A recent study published in Nature Medicine on February 24 has raised concerns about the reliability of ChatGPT Health, OpenAI’s consumer-facing health tool, in directing users to emergency care in serious medical cases.
The study, conducted by researchers at the Icahn School of Medicine at Mount Sinai, tested ChatGPT Health on 60 clinical scenarios across 21 medical specialties, ranging from minor conditions to genuine emergencies. Three independent physicians established the correct level of urgency for each case using guidelines from 56 medical societies. The scenarios were then tested under 16 different contextual conditions, including variations in race, gender, social dynamics, and barriers to care such as lack of insurance, producing 960 total interactions with ChatGPT Health.
The results showed that ChatGPT Health failed to appropriately direct users to emergency care in more than half of serious medical cases. The tool under-triaged 52 percent of cases that physicians deemed true emergencies, directing patients with conditions such as diabetic ketoacidosis and impending respiratory failure toward a 24-to-48-hour evaluation instead of the emergency department. The system also misclassified 35 percent of non-urgent cases.
The study found that ChatGPT Health’s performance followed an “inverted U-shaped” pattern. While it handled textbook emergencies like stroke and anaphylaxis correctly, it struggled in more nuanced situations where the danger is not immediately obvious.
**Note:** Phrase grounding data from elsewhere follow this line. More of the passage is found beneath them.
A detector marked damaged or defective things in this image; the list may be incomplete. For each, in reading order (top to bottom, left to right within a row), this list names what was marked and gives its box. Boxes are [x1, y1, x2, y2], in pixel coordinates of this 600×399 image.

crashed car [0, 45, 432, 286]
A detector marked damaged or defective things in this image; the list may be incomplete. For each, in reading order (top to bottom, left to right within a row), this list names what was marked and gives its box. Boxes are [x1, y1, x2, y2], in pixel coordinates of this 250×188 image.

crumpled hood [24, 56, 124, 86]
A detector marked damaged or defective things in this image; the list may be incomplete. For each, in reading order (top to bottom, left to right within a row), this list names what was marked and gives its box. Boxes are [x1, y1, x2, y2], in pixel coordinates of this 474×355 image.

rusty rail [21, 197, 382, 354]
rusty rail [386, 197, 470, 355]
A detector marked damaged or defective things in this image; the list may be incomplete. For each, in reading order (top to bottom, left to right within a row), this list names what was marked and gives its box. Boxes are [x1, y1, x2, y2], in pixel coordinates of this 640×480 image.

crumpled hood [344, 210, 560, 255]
According to Dr. Ashwin Ramaswamy, one of the study’s corresponding authors, “ChatGPT Health performed well in textbook emergencies such as stroke or severe allergic reactions. But it struggled in more nuanced situations where the danger is not immediately obvious, and those are often the cases where clinical judgment matters most.”
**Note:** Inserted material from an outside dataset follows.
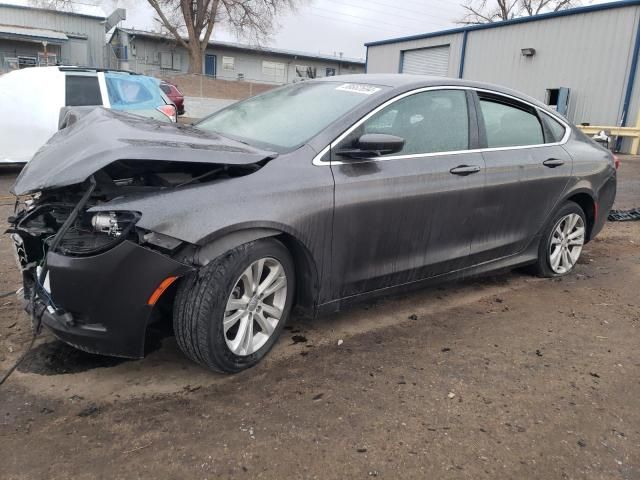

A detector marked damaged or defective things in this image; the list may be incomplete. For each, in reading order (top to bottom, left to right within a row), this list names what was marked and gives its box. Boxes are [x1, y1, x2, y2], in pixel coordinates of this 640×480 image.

crushed hood [11, 107, 278, 195]
broken headlight [57, 209, 141, 255]
damaged chrysler 200 [10, 76, 616, 376]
The study also exposed troubling inconsistencies in ChatGPT Health’s crisis intervention system. The tool was designed to direct users to the 988 Suicide and Crisis Lifeline in high-risk situations, but researchers found that these alerts appeared more reliably when users described no specific method of self-harm than when they articulated a concrete plan. Dr. Girish Nadkarni, Mount Sinai’s Chief AI Officer and the study’s other corresponding author, noted that the finding was “beyond inconsistency,” as “the system’s alerts were inverted relative to clinical risk.”
The study’s findings are particularly concerning given the rapid consumer adoption of ChatGPT Health. OpenAI launched the tool in January 2026, and the company reported that roughly 40 million people were using ChatGPT daily for health-related questions. The nonprofit patient safety organization ECRI ranked misuse of AI chatbots in healthcare as the top health technology hazard for 2026, warning that the tools “can provide false or misleading information that could result in significant patient harm.”
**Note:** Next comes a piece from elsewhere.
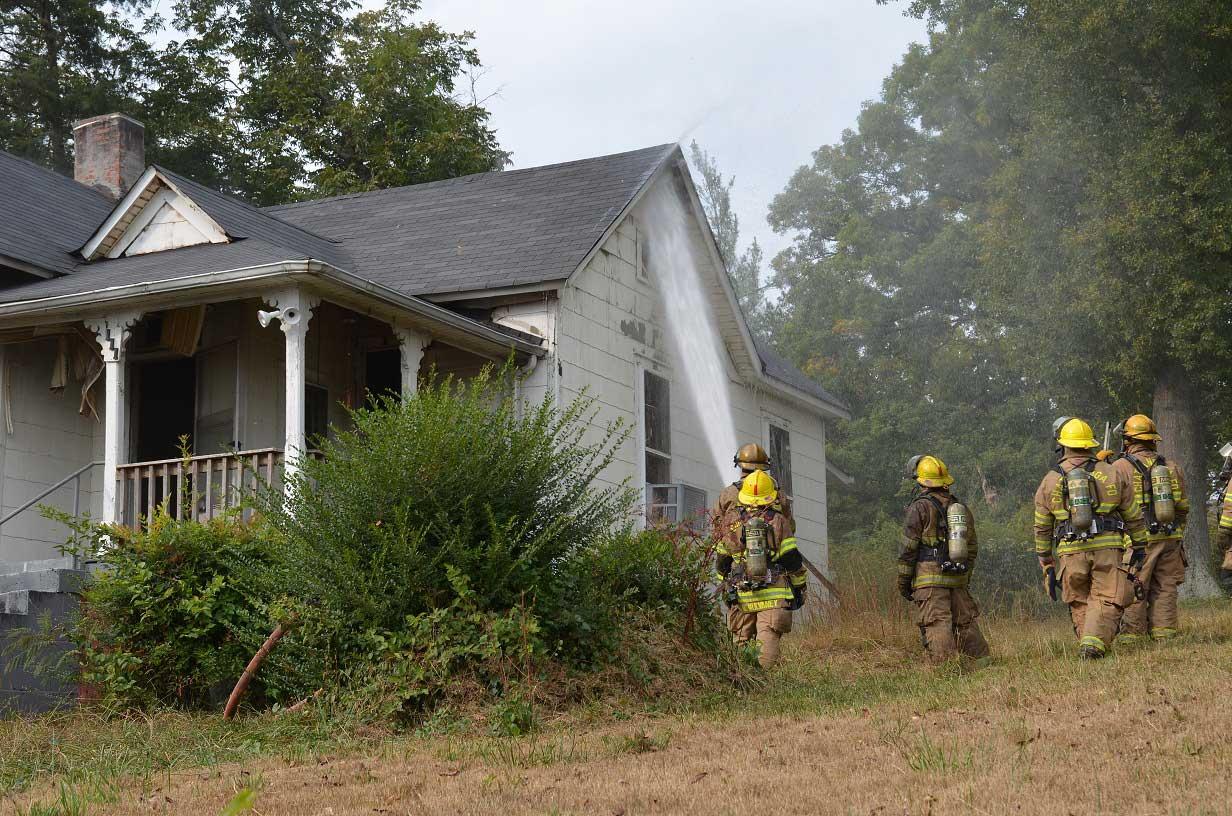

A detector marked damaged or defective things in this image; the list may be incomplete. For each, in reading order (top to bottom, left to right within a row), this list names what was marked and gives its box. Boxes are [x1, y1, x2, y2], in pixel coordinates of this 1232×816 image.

broken window [640, 372, 670, 483]
broken window [773, 421, 793, 497]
The Mount Sinai team found no statistically detectable effects from patient race, gender, or barriers to care on triage outcomes, although the study’s confidence intervals did not rule out clinically meaningful differences. The researchers plan to continue evaluating updated versions of ChatGPT Health and other consumer AI tools, with future research expanding into pediatric care, medication safety, and non-English-language use.